You may have noticed that peer-reviewed journal articles almost always can be summed up in a single paragraph… Many of them are about a single, simple idea that is the focus of empirical research, and the article is a 'research article' that explains the background, the reason the researchers decided to conduct a study, how it was designed, and what results they observed.In fact, most peer-reviewed journal articles have an 'abstract' which is a paragraph of about 100-120 words to explain the whole article.This form of plagiarism includes not only cases where a student copies ideas from a published article but also where a student copies a paper written by another student.Tags: Research Paper Topics On TechnologyBusiness Plan Template Coffee ShopProposal Paragraph For A Research PaperIntroduction To Apa Research PaperCover Letter To Hr DirectorThe Tipping Point By Malcolm Gladwell EssayDiscussion Essay StructureHow To Write An Admission Essay For Graduate SchoolEssay About My GrandfatherEssay On Computer Technology On Education
The introduction will explain the topic, the reason for its importance, the type of quantitative or qualitative research that was carried out, the findings of the research, the implications, and even the questions raised by the findings and the limitations of the study.
This information is not only enough to make it possible for you to write about the main idea of the article but also enough to make it possible for you to use 'critical analysis' of the article.
If you mention some information that is 'common knowledge' or if you give your own opinion about something, it is not considered plagiarism.
Most professors agree that if you commit this infraction it is absolutely inexcusable.
You should be mindful of several different types of plagiarism that are commonly understood among scholars.
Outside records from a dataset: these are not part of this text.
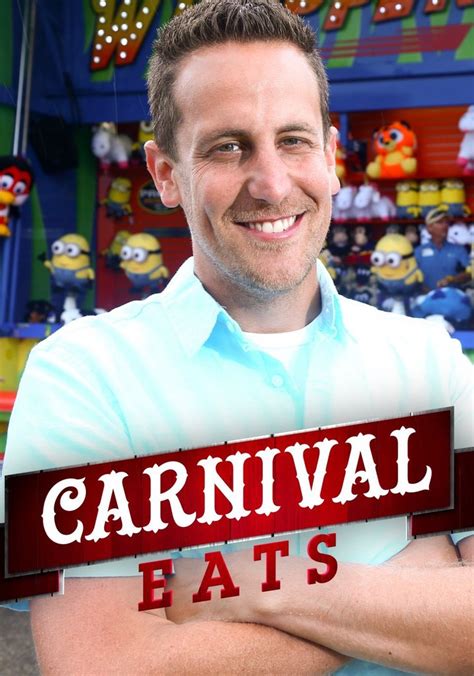 Carnival Eats Streaming Tv Show Online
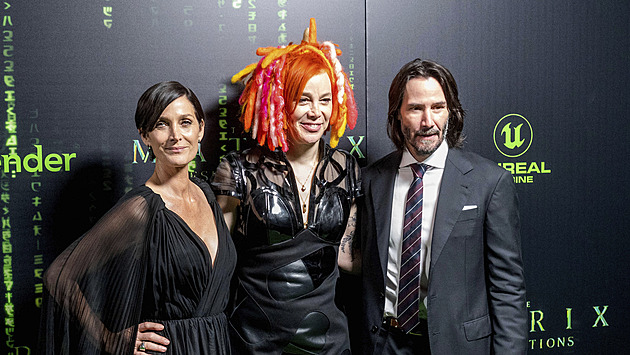 Reeves jako John Wick inspiroval vědce. Pojmenovali po něm smrtící bakterie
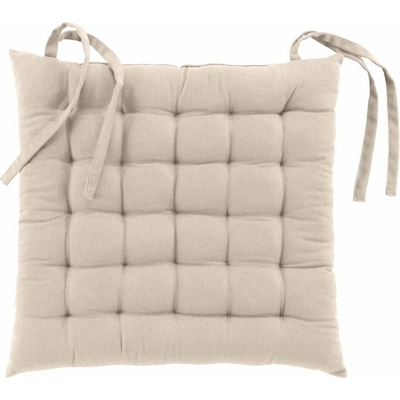 Sedák 38x38 cm Twily – douceur d'intérieur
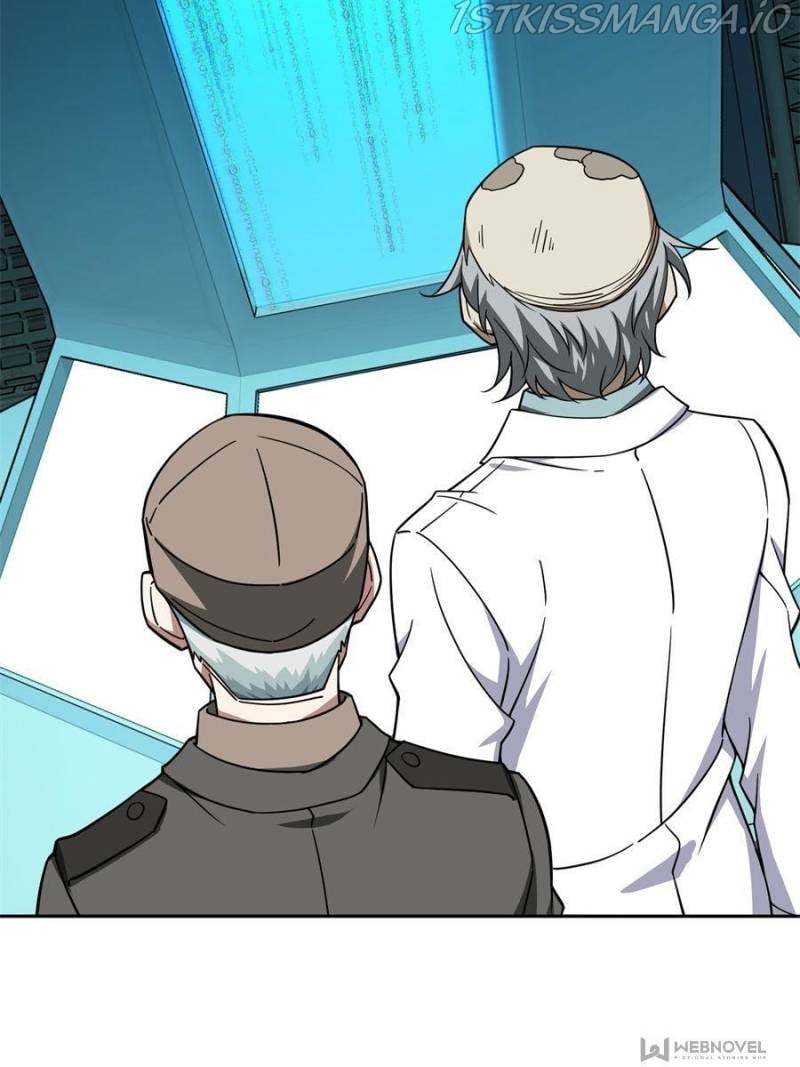 The Legendary Mechanic chapter 159 page 6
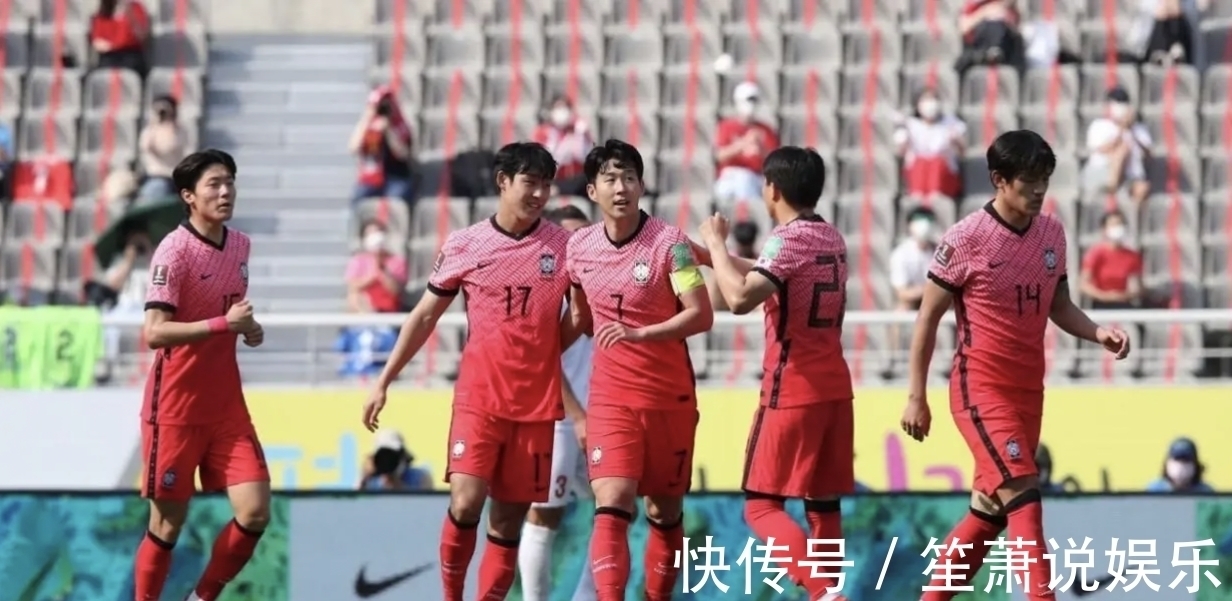 伊拉克|被伊拉克闷平了的韩国队竟然跻身小组前二 他们能否继续连胜?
According Princeton University, plagiarism is the act of using information acquired from someone else's writing and not using a proper citation to attribute credit for the information.You can paraphrase almost every sentence of the introduction paragraph and the conclusion paragraph.Now, keep reading to see the most important strategies for quickly cranking out an original paper -- a paper that is already complete and needs only to be uncovered by a savvy scholar like you!Therefore, I challenge you to read the introductory paragraph of an article and write a sentence about the main idea of that paragraph. The last sentence of the first paragraph often tells the main idea of the whole article.Then, skip to the conclusion and write a sentence about the 'findings' (if it is a research article) or the author's comments about the implications of the idea that is being put forth in the article.Similarly, if you include information in your paper and mistakenly cite an incorrect source that is yet another form of plagiarism. Professors will probably understand that it was an honest mistake, only a minor offense, if you accidentally misunderstand the publication you try to cite and fail to cite the true source of information.HOWEVER, if you decide to be sneaky and write a lot of material that you pull out of thin air, unsubstantiated, and then add citations to random articles that may or may not support your assertions, that is absolutely going to be seen as cheating.The last type of plagiarism to be discussed here is the kind that occurs when a student pastes content from the Internet and fails to use " " marks to designate it as a direct quote.This is the type of plagiarism that will be flagged by a plagiarism checker such as But many variations exist, and circumstances surrounding the act of plagiarism can significantly affect the possible consequences -- and the possible solutions for a situation where you are accused.The first is the most serious kind: Knowingly using other people's ideas and writing your paper in a way that expressed those ideas as your own.